The Eday Group overlies the Rousay Flagstones and represents a change to dominantly fluvial/aeolian deposition with only occasional lacustrine intervals. The Eday Group consists of three sandstone units, the lower, middle and upper Eday Sandstones separated by the Eday Flagstones and Eday Marl respectively. The Eday Marl consists mainly of red and green mudstones and siltstones and is thought to have been deposited in a river floodplain environment. Locally pseudomorphs of halite have been found and rarely marine microfossils (scolecodonts) indicating that the basin was affected by occasional marine incursions at this time. 

I think we can also assume that the geologists have failed to find any sort of match between the Altar Stone samples (supposed) and the rocks of Vestra Fiold and Cruaday.  If they had found a match, the banner headlines would have been even larger than they already are!

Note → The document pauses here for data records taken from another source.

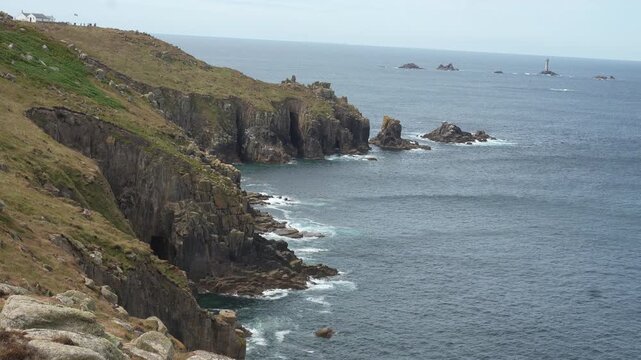 Breathtaking landscape of rugged steep cliffs and the vast Atlantic Ocean at Land's End, Cornwall.
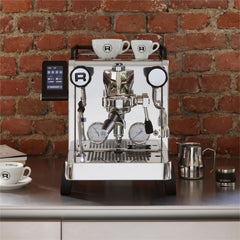 Rocket R58 TUNE espresso machine on a kitchen counter with cups on top and a milk jug beside it.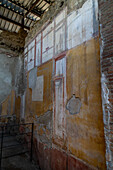 Colorful frescoes in the House of the Lararium of Achilles, Building I.6.4, in the ancient Roman ruins of Pompeii, Italy.
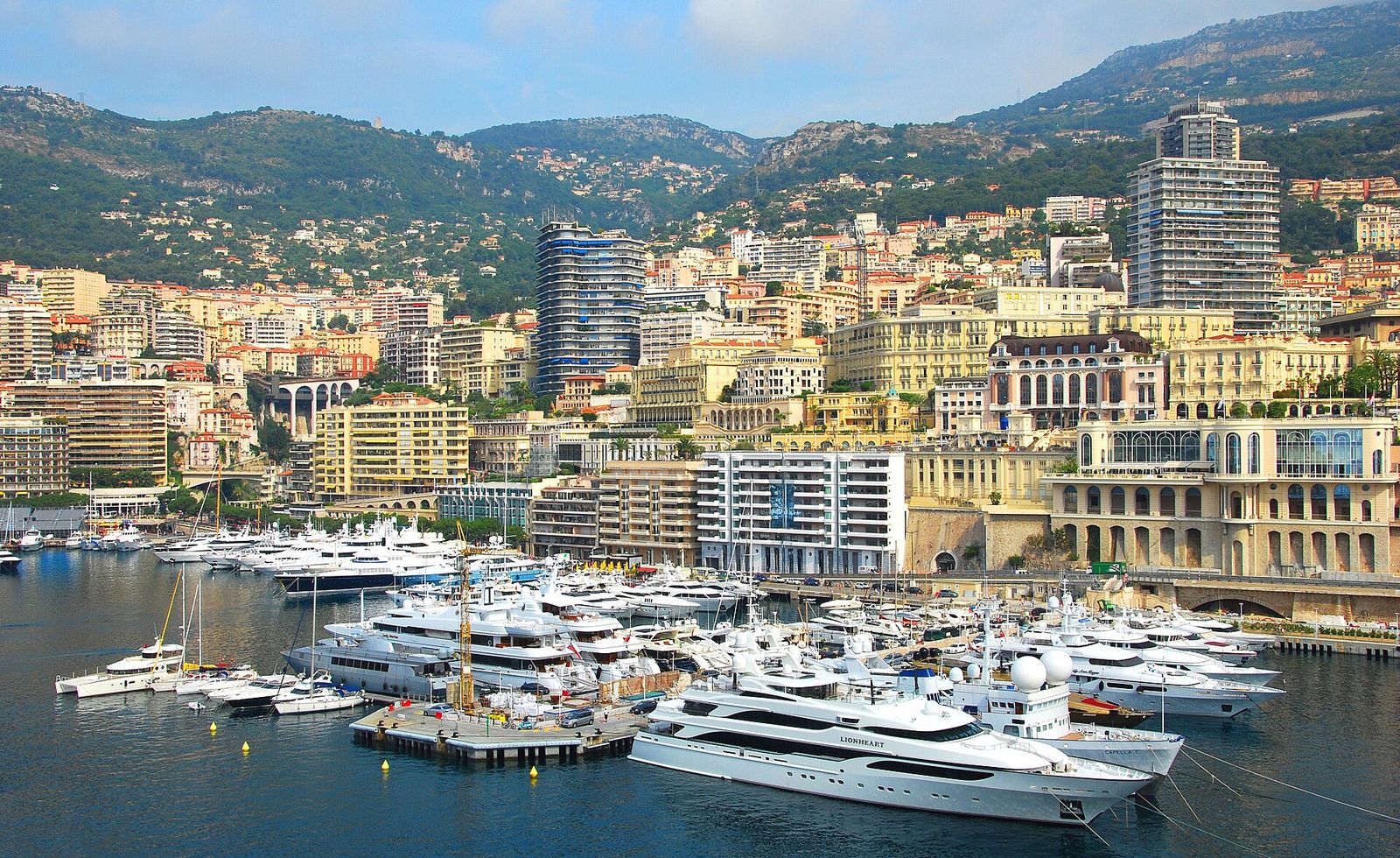 A view of this famous city over the harbour, filled with mega-expensive yachts, Longines Global Champions Tour of Monaco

To be continued.  More on the technical stuff as soon as we can manage........


====================




ABSTRACT

Understanding the provenance of megaliths used in the Neolithic stone circle at

Stonehenge, southern England, gives insight into the culture and connectivity of

prehistoric Britain. The source of the Altar Stone, the central recumbent sandstone

megalith, has remained unknown, with recent work discounting an Anglo-Welsh

Basin origin.  Here we present the age and chemistry of detrital zircon, apatite and

rutile grains from within fragments of the Altar Stone. The detrital zircon load largely

comprises Mesoproterozoic and Archaean sources, whereas rutile and apatite are

dominated by a mid-Ordovician source. The ages of these grains indicate derivation

from an ultimate Laurentian crystalline source region that was overprinted by

Grampian (around 460 million years ago) magmatism. Detrital age comparisons

to sedimentary packages throughout Britain and Ireland reveal a remarkable

similarity to the Old Red Sandstone of the Orcadian Basin in northeast Scotland.

Such a provenance implies that the Altar Stone, a 6 tonne shaped block, was sourced

at least 750 km from its current location. The difficulty of long-distance overland

transport of such massive cargo from Scotland, navigating topographic barriers,

suggests that it was transported by sea. Such routing demonstrates a high level of

societal organization with intra-Britain transport during the Neolithic period.